Does it come as a shock, then, that visual storytelling dominates the digital world, as well? By 2010, Flickr’s library featured more than 6 billion photos – that’s more than 450-times the total catalogued by the Library of Congress since its inception. Just think how many hundreds of millions per day have been uploaded to Facebook, Instagram and other social networks since then!

“We’ve now entered a phase in which visual communication is supplanting the written word — what some are calling the dawn of the ‘imagesphere,’” said Bob Lisbonne, Luminate CEO and former senior vice-president of Netscape.

But what is visual storytelling? Is it more than a series of images?

“Visual Storytelling is a marketing strategy that communicates powerful ideas through a compelling story arc, with your customer at the heart of the story, and delivered through interactive and immersive visual media – in order to create profitable customer engagements,” explained the Visual Storytelling Institute’s Shlomi Ron.

So, visual storytelling can be comprised of a variety of media: video, visual presentations, slideshows, infographics and even still images. All are effective since, according to a 2008 study, the average person remembers about 10 percent of what they read when tested 72 hours later, but 65 percent if images are included. Likewise, content featuring relevant graphics gets 94 percent more views than content without, and tweeted images are retweeted 150 percent more than text only.

Video Engagement

Of the various media formats, however, video now dominates web content like never before. Cisco estimates that by 2022, 82 percent of all business and individual user web traffic will be comprised of video. Videos are also the most shared content on Facebook and other social networks, including Twitter where 82 percent of users watch videos on the platform.

Videos popularity only makes sense since this form of visual storytelling leaves 65 percent of web users more likely to make an online purchase, according to a ComScore Video Metrix. In fact, Unruly found consumers who enjoyed a promotional video were an astounding 97 percent more likely to make a purchase.
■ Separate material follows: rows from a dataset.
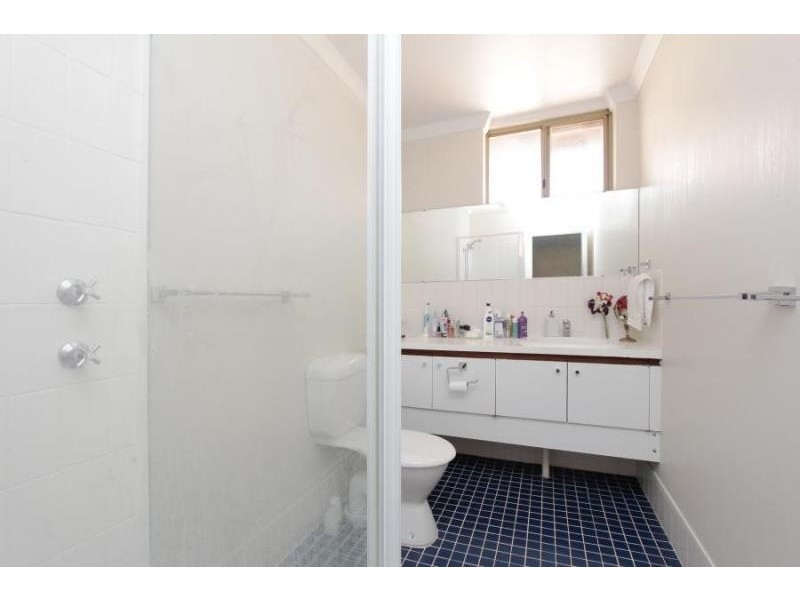 Maylands WA 6051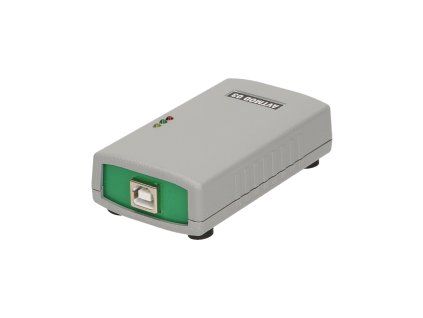 USB-rs485 átalakító energetikai mérőkhöz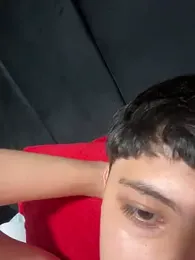 yahir1x webcam stripchat model stream image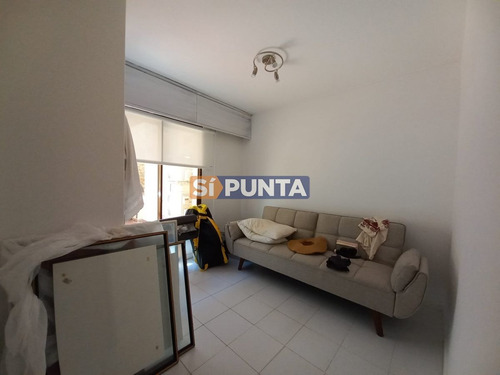 Imagen 6 de 17 de Gran Oportunidad Apartamento Reciclado Con Patio Y Parrillero Propio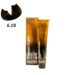 TINTE PASSION & COLOR N 6.18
Why is video so effective at conveying a message and persuading consumers? Forrester Research found that just one minute of video content can be as valuable as 1.8 million words. Obviously, the format is a good investment.

“It’s easier for people to digest a complex concept by watching a 2-to-3-minute video versus trying to read an 8-page white paper,” Attivio online marketing director Drew Smith told Marketing Sherpa.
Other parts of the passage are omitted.